Problem: Custom Filebeat Module to parse modified nginx log Grok Error

Hello All,

Long story made shorter. I've created on my network a DNS black hole for ad server dns resolution. It works perfectly. My DNS serves up a dummy internal address for all of the adhosts in a list.

But now I want to start Analysing these requests. So I created an Nginx configuration for logging that looks like this. And it works perfectly.

log_format adblock '[$time_local] $remote_addr $host "$request"';
server {
        ...
        access_log /var/log/nginx/adblock_access.log adblock;
        ...
}

The log sample is:

[02/Jul/2018:13:45:51 +1000] 192.168.0.55 s.webtrends.com "GET /js/webtrends.replicate.js HTTP/1.1"
[02/Jul/2018:13:45:52 +1000] 192.168.0.55 cdn-gl.imrworldwide.com "GET /novms/js/2/ggcmb510.js HTTP/1.1"
[02/Jul/2018:13:45:52 +1000] 192.168.0.55 secure-au.imrworldwide.com "GET /v60.js HTTP/1.1"

So All good here.

Now I've cloned the module nginx and I have renamed most vars to be adblock instead of nginx. All good.

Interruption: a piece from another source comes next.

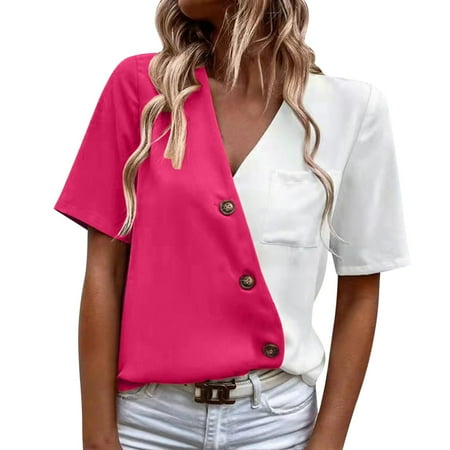 Sayhi Women Summer Comfortable Cool V Neck Fashion Contrast Color Short Sleeve Shirt Top Graphic Scrubs
Sayhi Women Summer Comfortable Cool V Neck Fashion Contrast Color Short Sleeve Shirt Top Graphic Scrubs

I'm seeing documents hit elasticsearch. So all comms are good. I am NOT using logstash. I'm going straight to elasticsearch.

But I have an issue. I get a grok error in filebeat. Which show up in elastic search. When I test my grok pattern in Kibana devtools. It all works. But when I move it over to the default.json file for ingestion it fails.

OK So here is the Kibana Dev Tools

Everything works in devtools.
FYI here is the groc pattern in text:

\[%{HTTPDATE:adblock.access.time}\] %{IP:adblock.access.requester} %{DATA:adblock.access.host} "%{GREEDYDATA:adblock.access.info}"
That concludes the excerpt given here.